Sunday, April 2, 2017

Album Review: Royal Thunder - Wick

Each decade, or era, depending on how you want to divide time, has its own sound. Whether it was glam in the 80s, or grunge in the 90s, certain sounds gain traction and become what other bands chase after. In this current time, one of those sounds is the sludgy, dingy form of rock that Mastodon and Baroness have brought into the mainstream. Just under that surface, you have loads of other bands who are using the same palate to create their music, including Royal Thunder. While I never got around to giving their previous albums a full review, I was intrigued enough to see if they could turn the template into something both unique and invigorating. With their third album now upon us, the time seems right to dive in and see if they have grown into something special.

The main thing that sets Royal Thunder apart from the other bands that are playing this swampy kind of rock is that they have a more obvious influence from blues and folk music. They aren't approaching their songwriting from the perspective of metal fans who want to add grit to make their music sound ugly, their grit is a more organic outgrowth of the dark emotions that often permeate their influences. Organic is a key word. Any style of music can work, but they always work better when you can hear the artist isn't trying to put on a show.

The other thing that sets Royal Thunder apart is that they aren't just a band of tattooed, bearded non-hipster hipsters. Singer Mlny Parsonz gives Roayal Thunder a different sound to everyone else in their genre, as her voice has a feminine edge that brings a delicate touch even to the moments when she's screaming her lungs out. Her presence keeps the music from ever veering too far down the path of being angry for the sake of being angry, and losing the musicality that someone not in the frame of mind to punch through a brick wall needs.

Listening to the single, "April Showers", there's a heavy Danzig vibe, if you took away the metallic crunch. It's a dirty blues song with a rock edge, and Mlny roars through the verses before the momentary release of melody. It's also interesting that there are nearly no chords throughout the song, as the guitars instead stick to playing picked arpeggios and blues runs, which gives the bass ample space to stand out and drive the heft of the track.

The best aspect of Royal Thunder is the vibe their music gives off. They have a laid-back aggression that is a simmering heat, and plays well against the usual approach of hitting the listener in the face with an iron skillet. The restraint makes the moments with the guitars amp things up that much stronger. It also keeps the record from tiring you out before the fifty-plus minutes has come to its conclusion.

When they combine that with their better melodies, like they do on "Tied" and "We Slipped", the songs they write are fantastic. It's classic rock that sounds classic in the way I always maintain Graveyard is the lone band that understands. These songs can compete with Graveyard, which is a high compliment.

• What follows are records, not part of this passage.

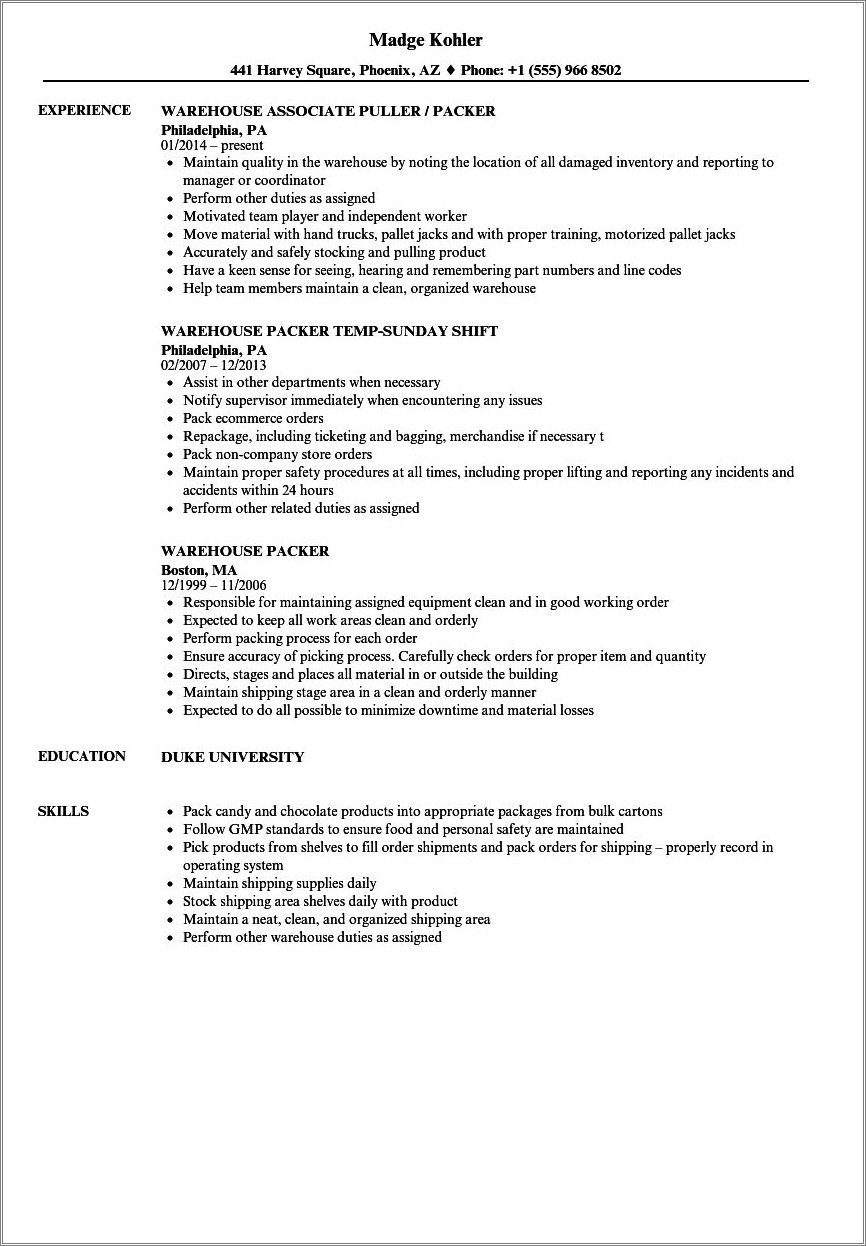 Pick Packer Resume Examples No Experience - Resume Example Gallery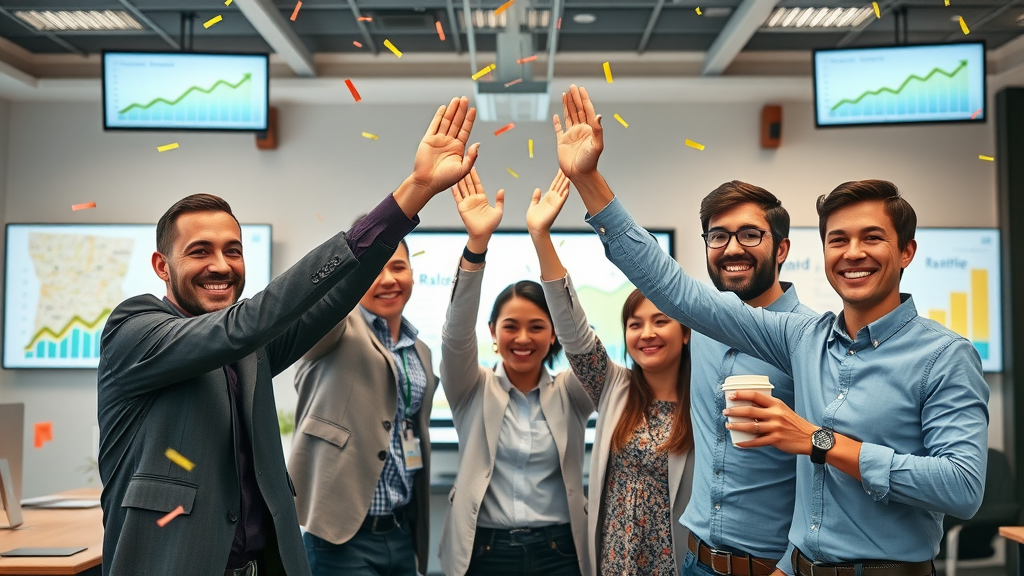 Optimistic Raleigh small business team celebrating successful business growth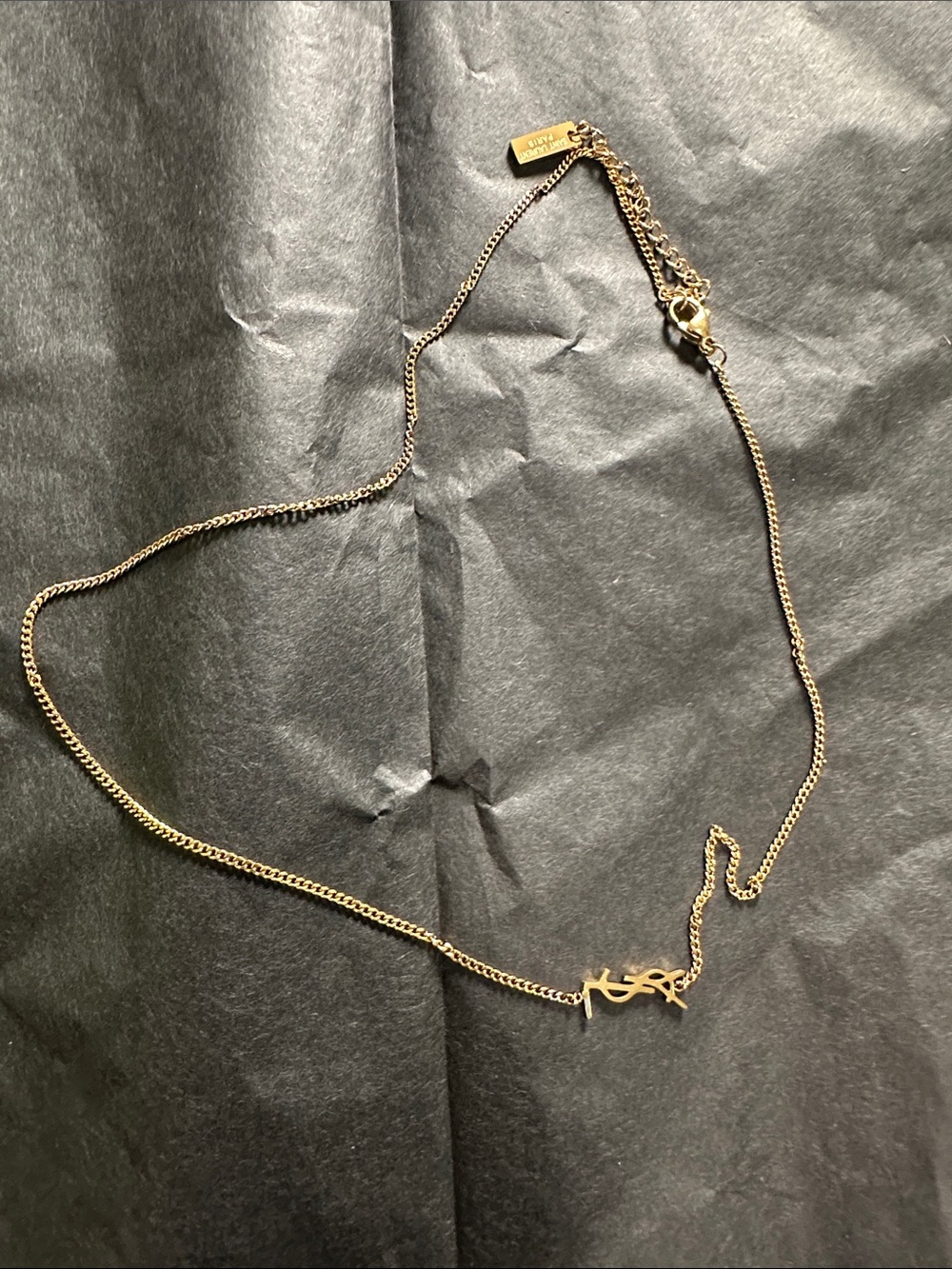 Gold Script Logo Pendant Necklace - Elegant Feminine Accent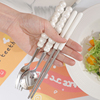 餐具套装一人用筷子勺子套装，便携式筷勺套装，304勺子套装叉勺套装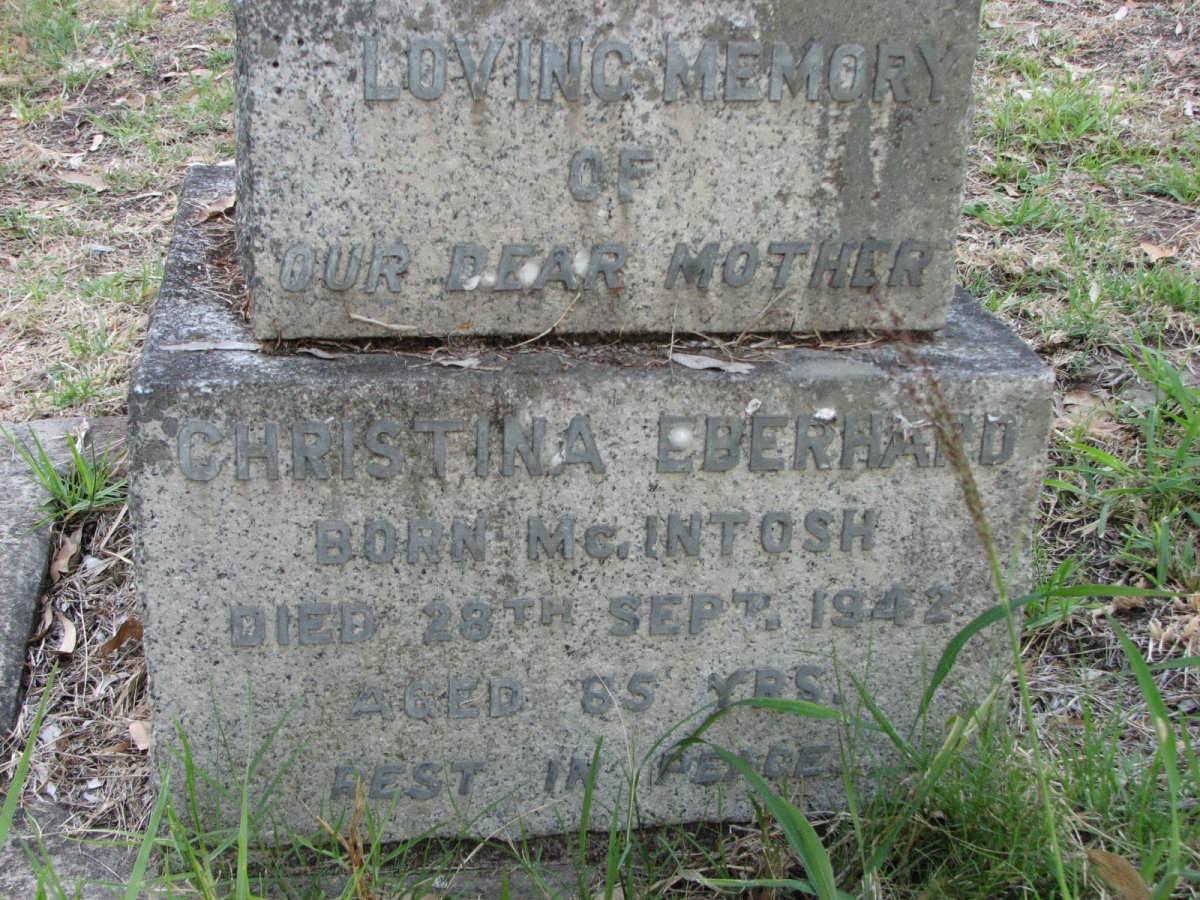 EBERHARD Christina nee McINTOSH -1942
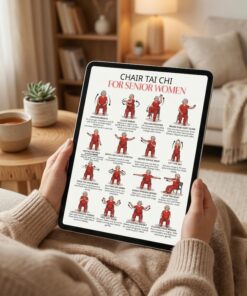 Chair Tai Chi for Women 60+, Seated Mobility Chart, Gentle Senior Exercise Poster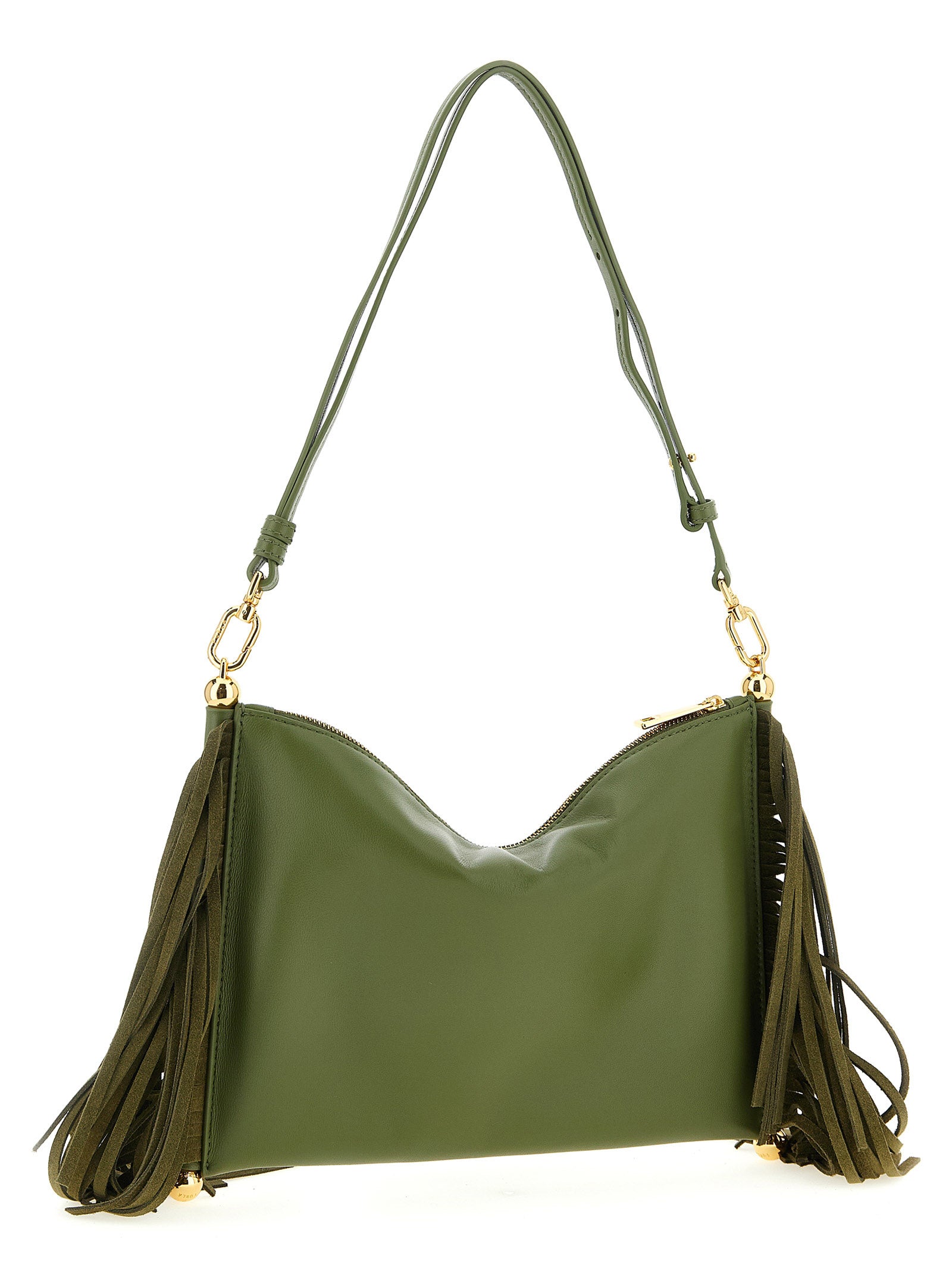 Mini Shoulder Bag by Furla for women in pu leather bicolour & green presents a statuesque silhouette, showcasing a secure zipper and statuesque with versatile shoulder-strap & adjustable-strap for a sophisticated look.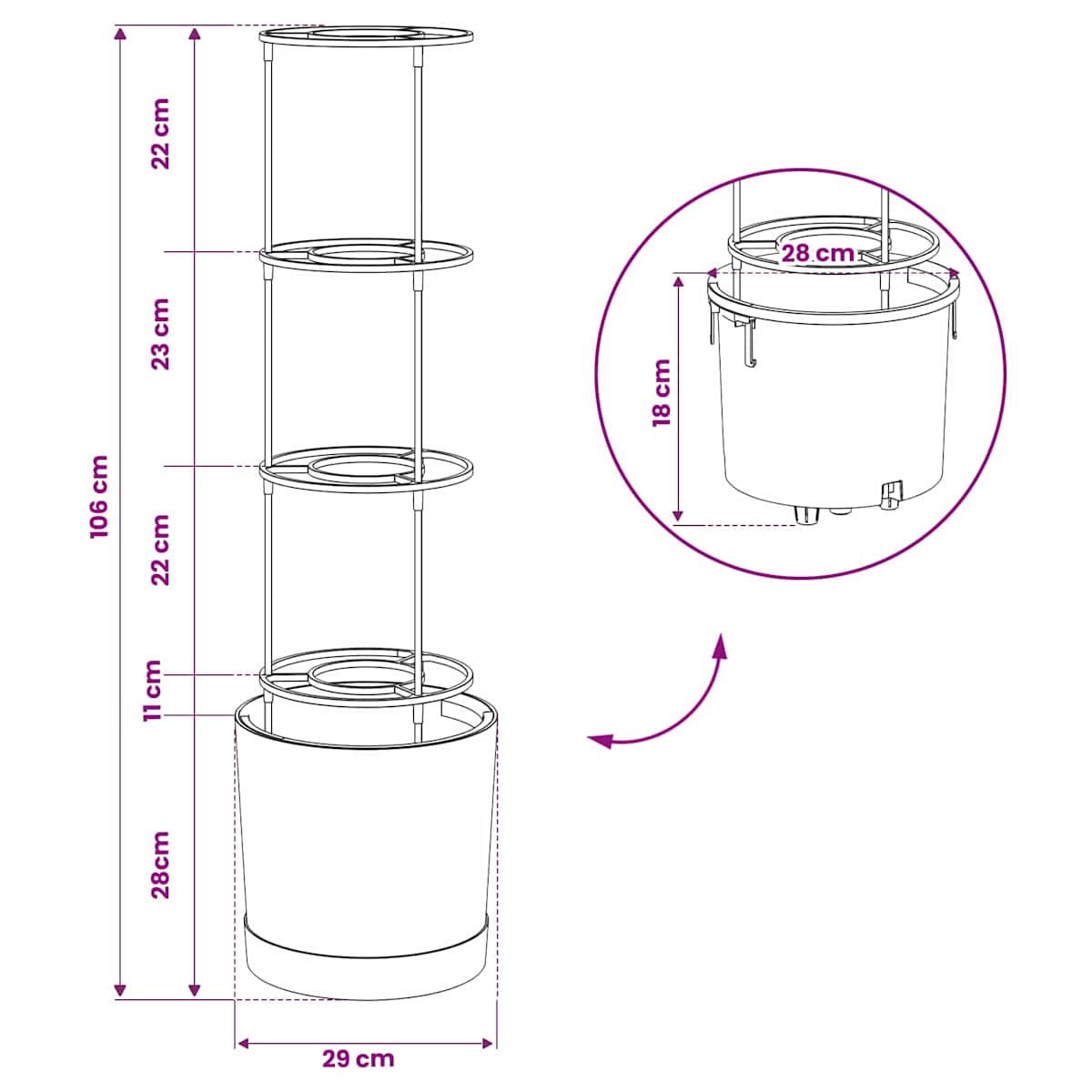 Tomat Vokser Naturo ECO Ø 29 x 106 cm WPC - Billede 6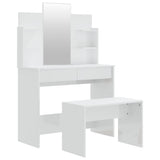 Dressing Table Set High Gloss White 96x40x142 cm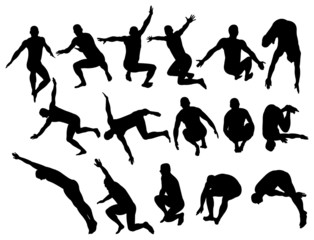 Male silhouettes jumping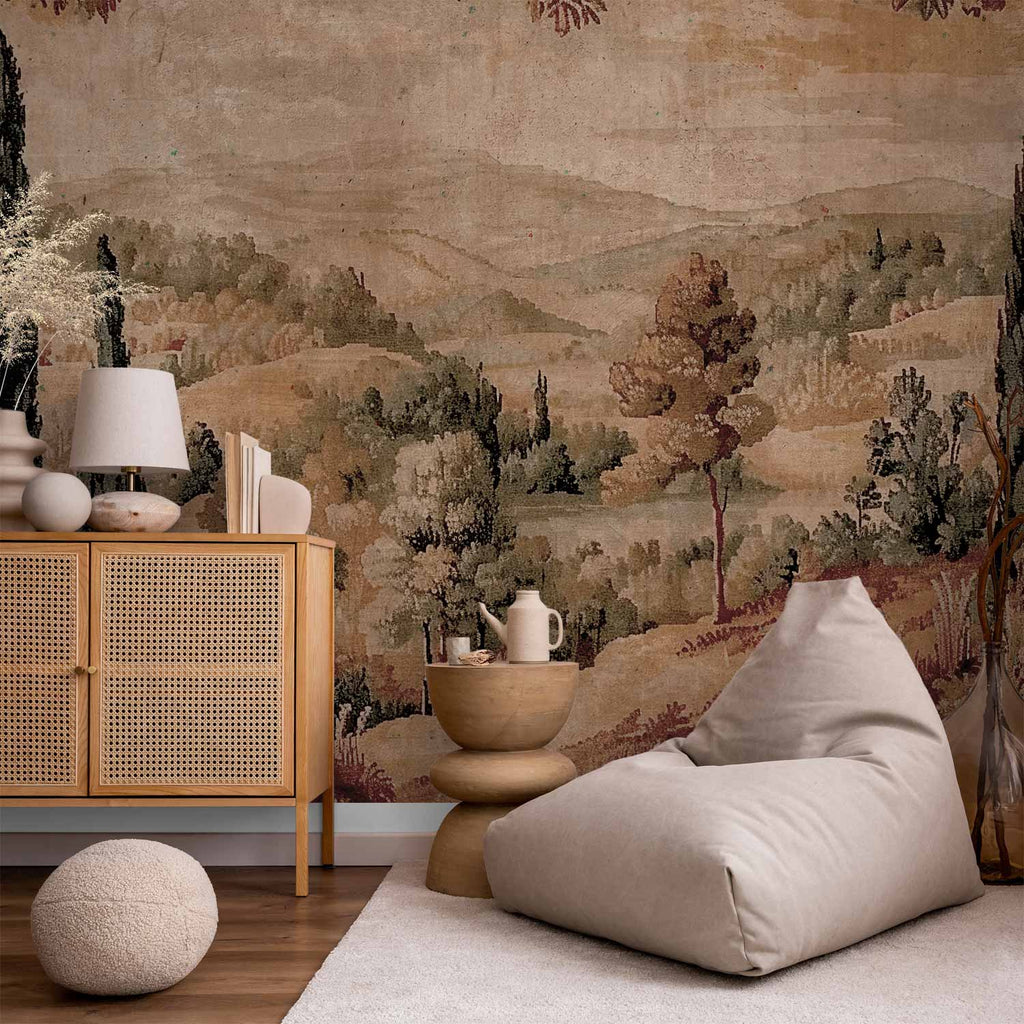 Mediterranean Hill and Lake Vintage Tapestry Wall Mural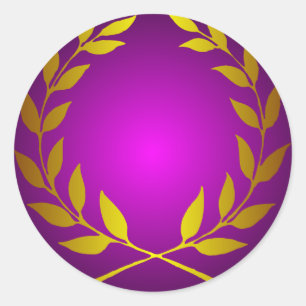 Gold Laurel Wreath Round Sticker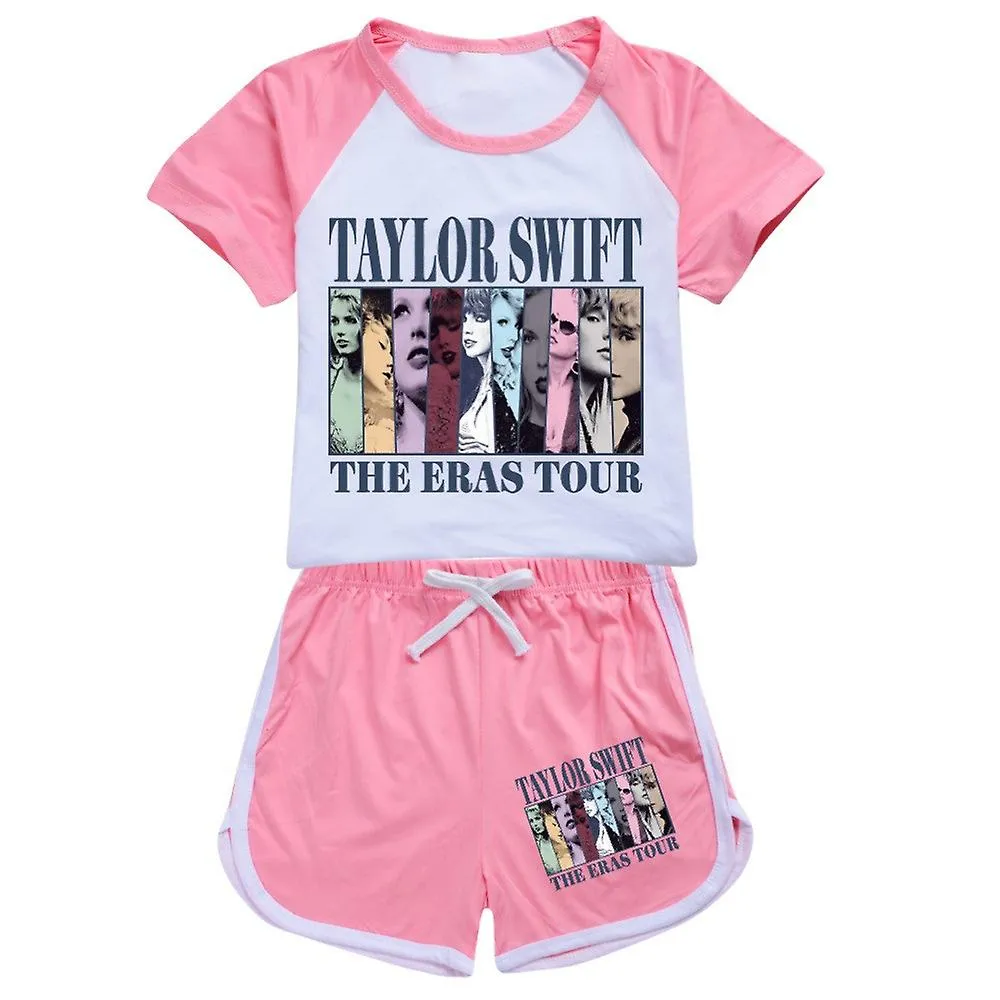 1116 AñOS NIñOS NIñOS NIñAS TAYLOR SWIFTIE CHáNDAL ESTAMPADO CAMISETA + PANTALONES CORTOS ROPA DE ESTAR POR CASA CONJUNTO DE AT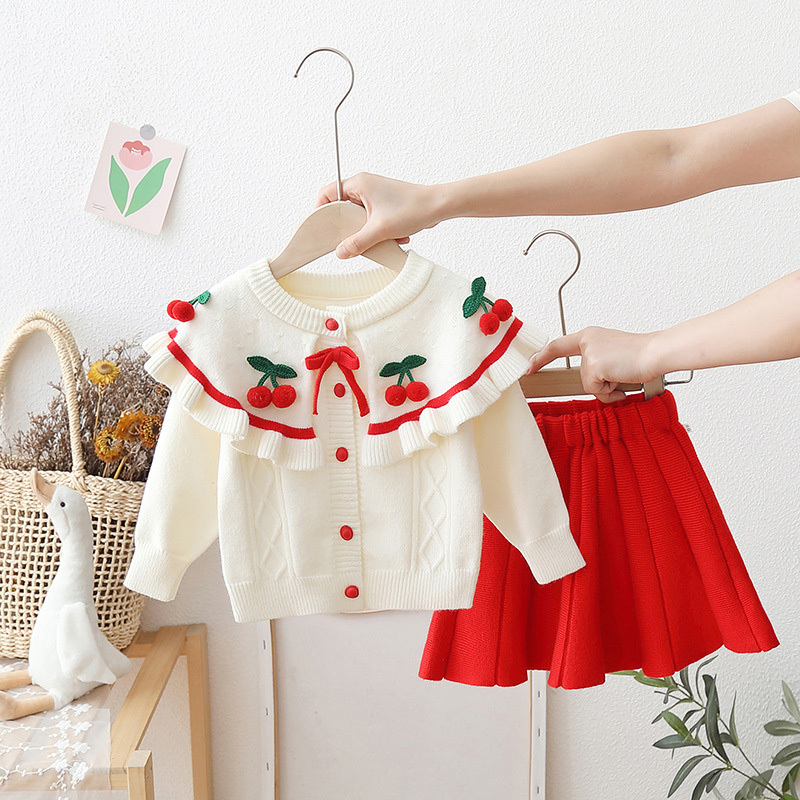 Yarn/wool Yarn Bow Embellished Long Sleeve Regular Two-piece Set - White Set - 130cm - image 2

Sure, they don't hit that mark all the time. Royal Thunder is a band that sounds like there's a half-empty bottle of Jack rattling around on their amps while they play, which doesn't lend itself to the kind of melodic approach I tend to prefer. Still, it's a bit frustrating to listen to a few of these songs, waiting for the big moment to come, only to find that it doesn't materialize. It's a function of the style, which is not one I have ever been prone to loving, but I wouldn't be honest if I didn't mention it.

So what is "Wick"? Well, it's the kind of album that I want to love. They have the sound, and the ability to make some great, dirty classic rock. They're very close to being where I think they need to get, but could still use a voice to push them one step further. That being said, Royal Thunder know what they're doing, and they are capable of great things. "Wick" is a very fine album, and while it won't get the accolades Mastodon will, it's the more interesting listening experience. "Wick" is a thumbs up, with hope that its roots grow deeper with more time.